Block matrices are useful when:
- You’re dealing with structured data (e.g., images, time-series, graphs)
- You want to optimize computations using smaller chunks
- Your matrix represents multiple modalities or features (e.g., text + image)
- You’re distributing operations across multiple processors or nodes
Block Matrix Multiplication
Let’s say you have two block-partitioned matrices:
\[A = \begin{bmatrix} A_{11} & A_{12} \\ A_{21} & A_{22} \end{bmatrix}, \quad B = \begin{bmatrix} B_{11} & B_{12} \\ B_{21} & B_{22} \end{bmatrix}\]If the inner dimensions match (i.e., each block multiplication is defined), you can compute the product blockwise:
\[AB = \begin{bmatrix} A_{11} B_{11} + A_{12} B_{21} & A_{11} B_{12} + A_{12} B_{22} \\ A_{21} B_{11} + A_{22} B_{21} & A_{21} B_{12} + A_{22} B_{22} \end{bmatrix}\]So instead of multiplying the full matrices all at once, you’re multiplying and adding smaller blocks—this is especially useful in large-scale computing.
Applications
Block matrices show up in more places than you might expect:
-
Distributed computing: In big-data systems like Spark or Dask, matrices are often partitioned into blocks for parallel processing. Each node handles a piece.
-
Mini-batch learning: In neural networks, training often happens on batches. Each mini-batch can be viewed as a block of the full data matrix.
-
Multi-modal learning: Say you’re combining image features and text features—each type can be represented as a block in a larger feature matrix.
-
Graph learning: Adjacency matrices of graphs can be block-partitioned to reflect communities or clusters. This is helpful in spectral clustering or modularity detection.

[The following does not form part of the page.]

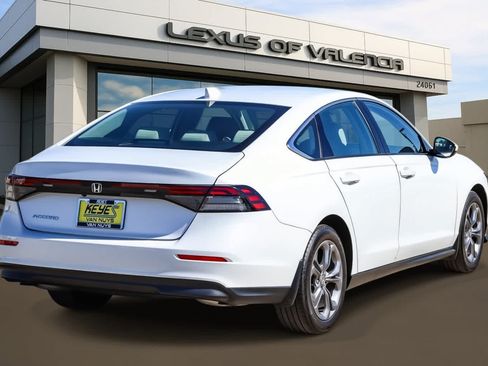 Used 2024 Honda Accord EX image 4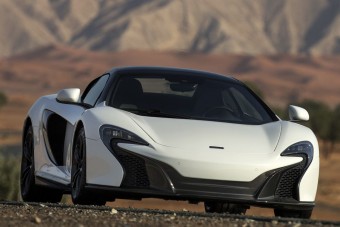 Valódi arannyal fényezett sivatagi sportkocsi. Tényleg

Block matrices are one of those “simple once you see it” ideas. They don’t just make computation faster—they also mirror the real-world structure in many ML tasks. If your data or model has parts, blocks are a natural way to think and compute.
Final Thoughts
We started with a humble matrix and ended up unlocking a toolkit that powers nearly every machine learning algorithm today. Whether you’re transforming features, training deep nets, or decomposing graphs—matrices are behind the scenes, doing the heavy lifting.